Everyone seems to be casting their eyes to the moon lately. Between the three supermoons and the lunar eclipse, NASA’s tentative overtures toward manned lunar exploration, and the Lunar X Prize, the moon has been a constant presence in the news. Even the ESA is leaning toward literal moonshots; as part of “Space 4.0,” their General Director wants to build a village on the moon. The Lunar Village is less a blueprint for physical structures than it is a vision for pan-Europe cooperation on a persistent or permanent moon base. But they’re putting some money down, too. The ESA is developing a lunar lander, and they’ve got a slick website about “the why and how of lunar exploration.”
Rocket Lab has declared that their Electron spacecraft is ready for test flights. Would that be alpha or beta hardware testing? The Electron’s first stage booster uses nine Rutherford engines linked together, and a single vacuum-optimized Rutherford engine powers the second stage. They designed the Rutherford engine, along with basically every other part of the rocket, in-house. Rocket Lab is planning to do commercial space flight, because everybody who’s anybody makes a foray into commercial space flight. Their spacecraft are tiny — max payload, 225 kilograms — and they plan to put payloads in space “with unprecedented frequency.”

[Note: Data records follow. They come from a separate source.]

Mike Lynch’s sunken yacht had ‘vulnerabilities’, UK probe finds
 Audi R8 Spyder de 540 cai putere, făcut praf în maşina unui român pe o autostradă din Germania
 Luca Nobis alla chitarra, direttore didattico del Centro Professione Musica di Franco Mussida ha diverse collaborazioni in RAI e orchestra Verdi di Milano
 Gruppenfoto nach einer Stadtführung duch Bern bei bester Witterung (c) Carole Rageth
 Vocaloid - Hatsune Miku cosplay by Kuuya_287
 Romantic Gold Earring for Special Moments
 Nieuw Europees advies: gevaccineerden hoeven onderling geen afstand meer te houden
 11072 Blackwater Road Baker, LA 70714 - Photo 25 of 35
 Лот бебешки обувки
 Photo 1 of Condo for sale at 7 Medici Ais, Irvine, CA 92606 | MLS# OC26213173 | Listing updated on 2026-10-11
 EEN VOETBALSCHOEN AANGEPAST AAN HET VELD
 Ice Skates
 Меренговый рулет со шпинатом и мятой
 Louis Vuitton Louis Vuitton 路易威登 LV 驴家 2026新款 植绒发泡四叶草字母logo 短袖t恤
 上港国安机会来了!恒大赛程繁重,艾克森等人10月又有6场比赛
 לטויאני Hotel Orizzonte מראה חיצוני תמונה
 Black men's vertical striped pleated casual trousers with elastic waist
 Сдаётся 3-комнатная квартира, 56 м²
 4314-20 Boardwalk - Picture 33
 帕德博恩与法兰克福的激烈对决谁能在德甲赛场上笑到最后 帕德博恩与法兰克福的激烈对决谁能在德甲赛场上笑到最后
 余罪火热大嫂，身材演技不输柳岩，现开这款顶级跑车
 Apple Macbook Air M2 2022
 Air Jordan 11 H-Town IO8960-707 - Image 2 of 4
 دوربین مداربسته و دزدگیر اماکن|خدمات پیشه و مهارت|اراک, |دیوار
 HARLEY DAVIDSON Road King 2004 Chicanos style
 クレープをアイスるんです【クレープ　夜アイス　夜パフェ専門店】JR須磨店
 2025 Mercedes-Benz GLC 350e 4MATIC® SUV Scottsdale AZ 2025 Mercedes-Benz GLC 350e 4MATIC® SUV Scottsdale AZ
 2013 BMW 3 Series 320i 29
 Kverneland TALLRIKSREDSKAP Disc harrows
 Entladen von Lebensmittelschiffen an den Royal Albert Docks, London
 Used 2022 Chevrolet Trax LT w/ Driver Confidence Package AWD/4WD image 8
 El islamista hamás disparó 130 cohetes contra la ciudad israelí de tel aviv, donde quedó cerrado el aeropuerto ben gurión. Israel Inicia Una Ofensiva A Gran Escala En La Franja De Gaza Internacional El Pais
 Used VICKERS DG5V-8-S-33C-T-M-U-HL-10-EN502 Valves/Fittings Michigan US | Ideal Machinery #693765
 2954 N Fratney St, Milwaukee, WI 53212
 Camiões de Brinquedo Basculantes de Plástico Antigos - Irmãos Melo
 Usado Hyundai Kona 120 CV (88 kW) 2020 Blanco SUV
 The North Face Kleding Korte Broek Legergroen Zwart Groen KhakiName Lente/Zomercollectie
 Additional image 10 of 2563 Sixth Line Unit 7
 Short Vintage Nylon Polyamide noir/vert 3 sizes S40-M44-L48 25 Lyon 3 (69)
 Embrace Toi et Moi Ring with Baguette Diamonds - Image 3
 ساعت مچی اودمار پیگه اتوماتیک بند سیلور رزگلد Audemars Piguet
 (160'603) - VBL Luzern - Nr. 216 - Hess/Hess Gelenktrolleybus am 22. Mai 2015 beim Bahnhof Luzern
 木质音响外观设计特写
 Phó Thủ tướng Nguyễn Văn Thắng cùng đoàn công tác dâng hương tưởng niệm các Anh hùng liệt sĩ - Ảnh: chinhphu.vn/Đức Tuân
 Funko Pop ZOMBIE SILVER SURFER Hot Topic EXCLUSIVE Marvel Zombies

While Europe’s over there singing kumbaya about tourism on the moon, Japan just launched a satellite to study the Van Allen belts. It’s called the Exploration of energization and Radiation in Geospace satellite, or just ERG, for short. Radiation is hard on spacecraft, and especially computers in space. ERG’s purpose “is to reveal how these high-energy electrons are accelerated and created, and how space storms develop,” according to the official PDF fact sheet. “ERG will make a comprehensive observation of the electrons and ions near the equatorial plane in geospace, which is thought to be the area where the acceleration of such electrons is occurring.” Much satellite. Very science.
But I shouldn’t rag on Europe too hard. The ESA just launched their own $ 17 billion constellation of GPS satellites, called Galileo, to shake off their dependence on the US-based GPS system. It’ll be able to localize devices to within a meter. They’ve made access to the system free for people with smartphones or navigation devices. For devices built with Galileo-friendly chips, they (optimistically, but then this is Europe) say a software update may be all that’s necessary to enable the new navigation system.
Also, if you didn’t know this: NORAD tracks Santa on Christmas Eve. Use this tool to look like a rockstar to your kids.